Excerpts from a dataset:
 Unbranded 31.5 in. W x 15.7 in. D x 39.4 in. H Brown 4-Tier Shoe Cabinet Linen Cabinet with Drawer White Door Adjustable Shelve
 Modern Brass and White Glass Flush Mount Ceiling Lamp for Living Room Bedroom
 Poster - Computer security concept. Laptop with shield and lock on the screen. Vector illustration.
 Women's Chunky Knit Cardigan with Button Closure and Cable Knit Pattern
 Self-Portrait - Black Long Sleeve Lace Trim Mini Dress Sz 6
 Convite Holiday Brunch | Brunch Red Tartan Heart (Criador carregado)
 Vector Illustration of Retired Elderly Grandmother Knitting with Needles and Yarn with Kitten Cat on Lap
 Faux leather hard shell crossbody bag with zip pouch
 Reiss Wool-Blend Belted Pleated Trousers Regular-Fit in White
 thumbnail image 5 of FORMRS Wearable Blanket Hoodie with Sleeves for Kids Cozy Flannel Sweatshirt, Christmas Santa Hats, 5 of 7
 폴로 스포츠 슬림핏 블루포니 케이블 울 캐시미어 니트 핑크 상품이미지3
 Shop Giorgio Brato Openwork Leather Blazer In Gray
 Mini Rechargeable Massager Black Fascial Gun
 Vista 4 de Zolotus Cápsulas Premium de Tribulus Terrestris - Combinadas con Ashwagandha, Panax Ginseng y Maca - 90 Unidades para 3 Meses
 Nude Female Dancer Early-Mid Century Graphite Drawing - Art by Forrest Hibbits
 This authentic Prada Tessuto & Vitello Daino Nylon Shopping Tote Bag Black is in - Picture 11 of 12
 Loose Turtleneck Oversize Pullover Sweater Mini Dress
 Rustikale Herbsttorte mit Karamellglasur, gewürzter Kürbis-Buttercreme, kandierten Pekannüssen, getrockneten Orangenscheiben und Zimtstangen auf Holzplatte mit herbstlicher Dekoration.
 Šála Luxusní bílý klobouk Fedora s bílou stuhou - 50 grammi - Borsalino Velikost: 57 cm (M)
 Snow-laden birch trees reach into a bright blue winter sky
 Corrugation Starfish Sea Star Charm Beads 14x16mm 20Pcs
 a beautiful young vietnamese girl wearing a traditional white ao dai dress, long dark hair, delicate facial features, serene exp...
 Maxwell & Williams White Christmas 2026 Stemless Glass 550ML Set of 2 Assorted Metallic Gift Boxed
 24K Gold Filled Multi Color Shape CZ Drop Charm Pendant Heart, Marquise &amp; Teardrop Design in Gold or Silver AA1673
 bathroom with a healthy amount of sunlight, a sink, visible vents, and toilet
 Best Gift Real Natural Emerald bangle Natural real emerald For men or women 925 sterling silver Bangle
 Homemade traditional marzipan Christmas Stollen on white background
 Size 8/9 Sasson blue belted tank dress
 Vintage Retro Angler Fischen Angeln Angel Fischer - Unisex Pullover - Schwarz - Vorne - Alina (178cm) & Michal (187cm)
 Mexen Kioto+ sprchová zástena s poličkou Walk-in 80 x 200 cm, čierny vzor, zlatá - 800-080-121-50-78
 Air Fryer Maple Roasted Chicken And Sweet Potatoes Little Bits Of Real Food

» **Work to complete**:
Using the records above, copy word for word the line with "Poster - Computer", the line with "Vector Illustration of", and every line between them.

» **Task response**:
 Poster - Computer security concept. Laptop with shield and lock on the screen. Vector illustration.
 Women's Chunky Knit Cardigan with Button Closure and Cable Knit Pattern
 Self-Portrait - Black Long Sleeve Lace Trim Mini Dress Sz 6
 Convite Holiday Brunch | Brunch Red Tartan Heart (Criador carregado)
 Vector Illustration of Retired Elderly Grandmother Knitting with Needles and Yarn with Kitten Cat on Lap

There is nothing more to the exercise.